Exercise instructions:
What's needed is a word-for-word retyping of the entries below, pictures omitted.

+ + +

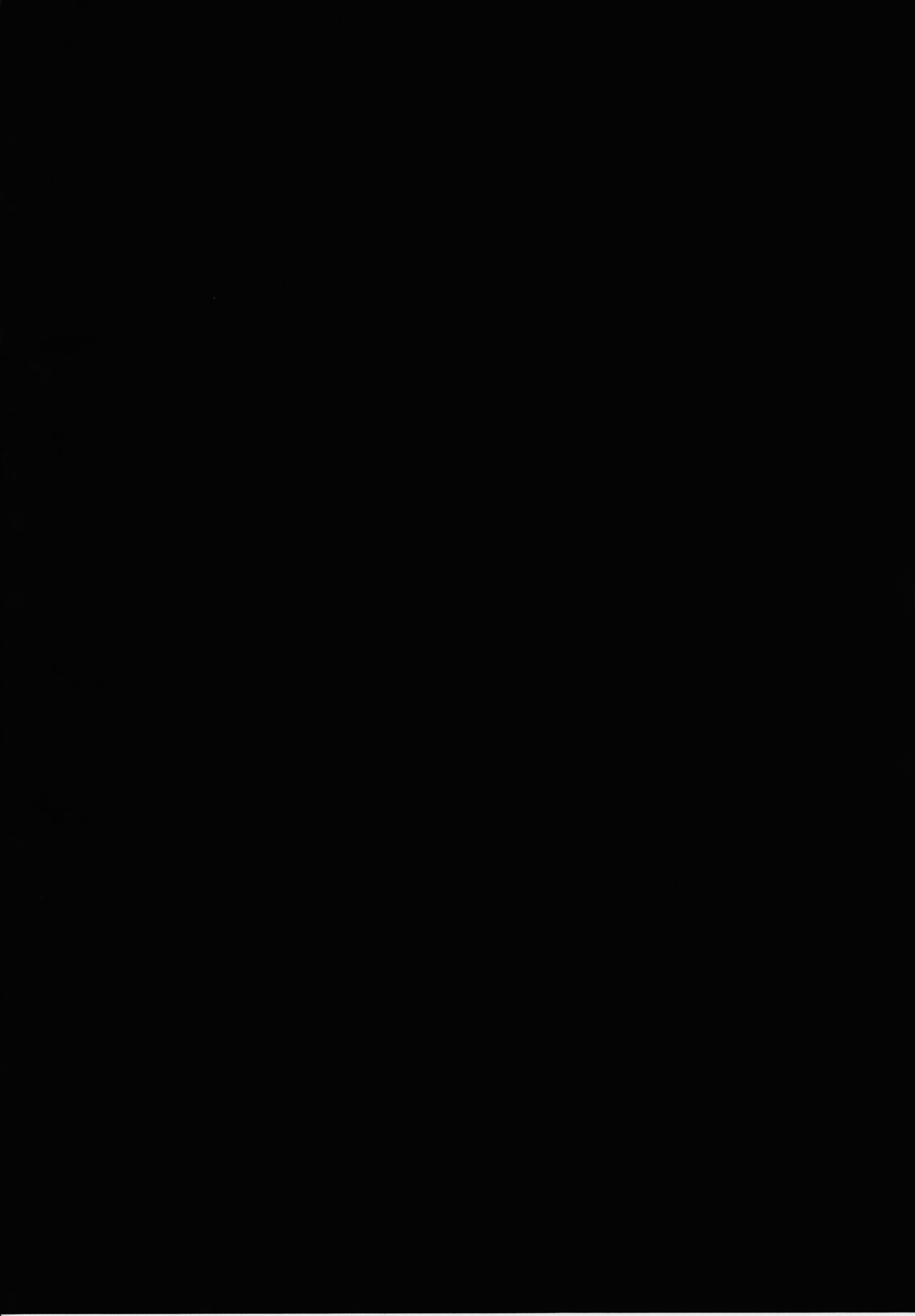 (C92) [Geosiphon (morisugi)] 吾と婚う!? (Fate/Grand Order)[中国翻訳]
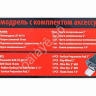 Пневмодрель с комплектом аксессуаров пр. SM-710 Forsage Пневмодрель с комплектом аксессуаров пр. SM-710 Forsage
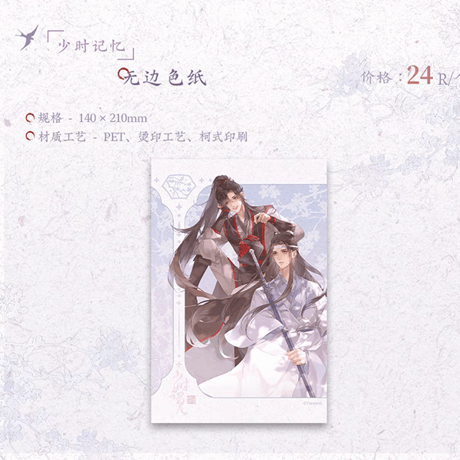 魔道祖師　覓星社　少時初見シリーズグッズ【お取り寄せ・日本から発送】
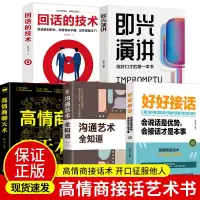 在飛比找蝦皮購物優惠-【正版現貨】好好接話會說話是優勢會接話才是本事+溝通藝術全知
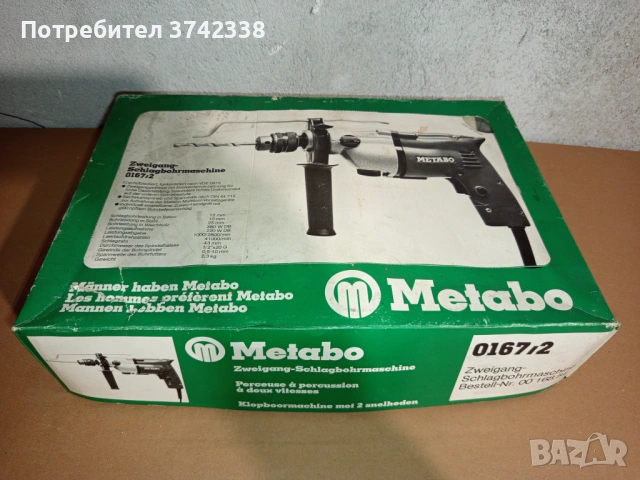 Нова ударна бормашина Metabo, снимка 3 - Бормашини - 54196741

+ + +

Answer for this exercise:
 (C92) [Geosiphon (morisugi)] 吾と婚う!? (Fate/Grand Order)[中国翻訳]
 Пневмодрель с комплектом аксессуаров пр. SM-710 Forsage Пневмодрель с комплектом аксессуаров пр. SM-710 Forsage
 魔道祖師　覓星社　少時初見シリーズグッズ【お取り寄せ・日本から発送】
 在飛比找蝦皮購物優惠-【正版現貨】好好接話會說話是優勢會接話才是本事+溝通藝術全知
 Нова ударна бормашина Metabo, снимка 3 - Бормашини - 54196741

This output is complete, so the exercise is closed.